Gremlin User Newsletter: Exploring Istio with Chaos, Chaos at Gremlin, & more
For new users just learning about Chaos Engineering, and even seasoned Gremlin pros looking for inspiration to break beyond their normal experiments, it can be challenging to develop new Chaos Experiments.I hope this post sparks some new ideas for experimenting on your own systems.
Exploring service meshes with chaos
Istio is an open source service mesh that is popular in the Kubernetes community for the extensive network control it provides to container-based workloads. The recently released Istio version 1.6 introduces a new Workload Entry resource that makes VM and bare metal workloads first-class objects, just like a Kubernetes Pod. This allows you to extend the traffic management, security, and observability features of Istio to those applications.
Whenever you’re operating heterogeneous container-vm infrastructure, there’s almost always some network complexity. That complexity often introduces latency. Latency attacks are a great way to test your application’s ability to handle slow communications.
Use a Latency attack on your VM or bare metal workloads starting with a small amount and increasing the latency until you identify your breakpoints. Using this information, you can set your Istio Service Entry timeout and retry policies.
Network complexity can also lead to outages. Regardless of whether it’s caused by a misconfiguration or a provider outage, the customer impact is the same so you need to handle service outages gracefully. Blackhole attacks allow you to simulate network breaks to your services.
Istio’s Service Entry can simplify your high-availability configuration by allowing you to add multiple VMs as a service endpoint and automatically load balancing among them. Use a Blackhole attack to isolate individual VMs and test Istio’s outlier detection feature that will temporarily eject unhealthy hosts from the load balancing pool.
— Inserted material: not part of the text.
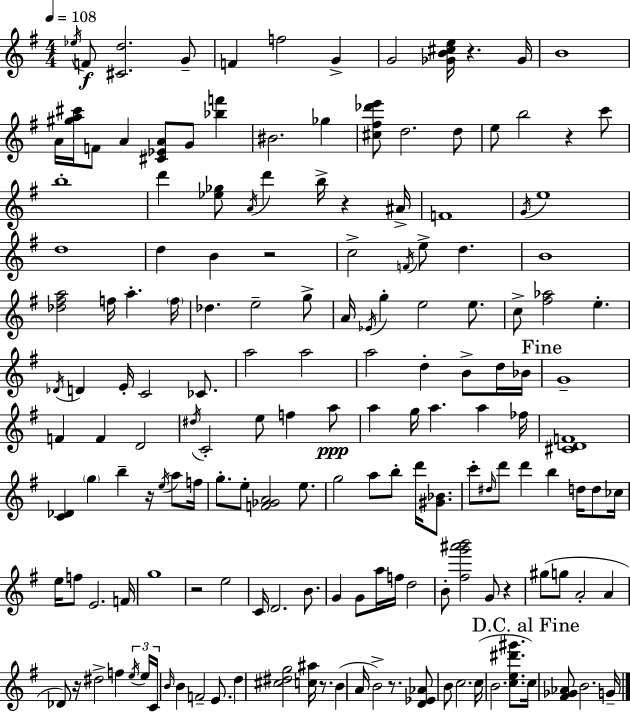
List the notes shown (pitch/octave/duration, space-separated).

Eb5/s F4/e [C#4,D5]/h. G4/e F4/q F5/h G4/q G4/h [Gb4,B4,C#5,E5]/s R/q. Gb4/s B4/w A4/s [G#5,A5,C#6]/s F4/e A4/q [C#4,Eb4,A4]/e G4/e [Bb5,F6]/q BIS4/h. Gb5/q [C#5,F#5,Db6,E6]/e D5/h. D5/e E5/e B5/h R/q C6/e B5/w D6/q [Eb5,Gb5]/e A4/s D6/q B5/s R/q A#4/s F4/w G4/s E5/w D5/w D5/q B4/q R/h C5/h F4/s E5/e D5/q. B4/w [Db5,F#5,A5]/h F5/s A5/q. F5/s Db5/q. E5/h G5/e A4/s Eb4/s G5/q E5/h E5/e. C5/e [F#5,Ab5]/h E5/q. Db4/s D4/q E4/s C4/h CES4/e. A5/h A5/h A5/h D5/q B4/e D5/s Bb4/s G4/w F4/q F4/q D4/h D#5/s C4/h E5/e F5/q A5/e A5/q G5/s A5/q. A5/q FES5/s [C#4,D4,F4]/w [C4,Db4]/q G5/q B5/q R/s E5/s A5/e F5/s G5/e. E5/e [F4,Gb4,A4]/h E5/e. G5/h A5/e B5/e D6/s [G#4,Bb4]/e. C6/e D#5/s D6/e D6/q B5/q D5/s D5/e CES5/s E5/s F5/e E4/h. F4/s G5/w R/h E5/h C4/s D4/h. B4/e. G4/q G4/e A5/s F5/s D5/h B4/e [F#5,G6,A#6,B6]/h G4/e R/q G#5/e G5/e A4/h A4/q Db4/e R/s D#5/h F5/q E5/s E5/s C4/s B4/s B4/q F4/h E4/e. D5/q [C#5,D#5,G5]/h [C5,A#5]/s R/e. B4/q A4/s B4/h R/e. [D4,Eb4,Ab4]/e B4/e C5/h. C5/s B4/h. [C5,E5,D#6,G#6]/e. C5/s [F#4,Gb4,Ab4]/e B4/h. G4/s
Are you running Istio? If so, how are you testing the reliability of your service mesh?
Chaos at Gremlin
At Gremlin, we’re always exploring ways to improve our internal Chaos Engineering efforts. We recently experimented with an idea from Gremlin’s VP of Engineering Jade Rubick, called The Gauntlet—a surprise attack that would test each engineering team’s reliability. Here are a few things we learned that may be helpful in your own applications:
Monitoring for change
A common monitoring strategy is to set warning alerts that will notify you prior to hitting critical thresholds. With static thresholds—such as warning when CPU consumption hits 75% and sending a critical alert at 90%—a problem arises when the metrics quickly change.
During the Gauntlet, we stepped up CPU consumption, but small steps that didn’t breach the thresholds went ignored, while larger steps triggered our warning and critical alerts almost simultaneously. As a result, we’ve started reevaluating our alerts and are updating them to use Datadog’s Anomaly Detection when appropriate. Using machine learning-based alerting in your own systems can help amplify small signals and alert you prior to large spikes.
Cattle vs pets
Cycling machines is often an easy and effective way to resolve issues—especially when you have a system such as Auto-Scaling Groups (ASGs) to enforce infrastructure state. As our Gauntlet attack consumed CPU, the incident response team followed our runbook to delete an affected node. This causes the ASG to replace it with a new node that is unaffected by the attack—or in real incidents would be unaffected by runaway CPU-heavy processes. After the new node is confirmed to be healthy and operating normally, the team cycled all affected nodes.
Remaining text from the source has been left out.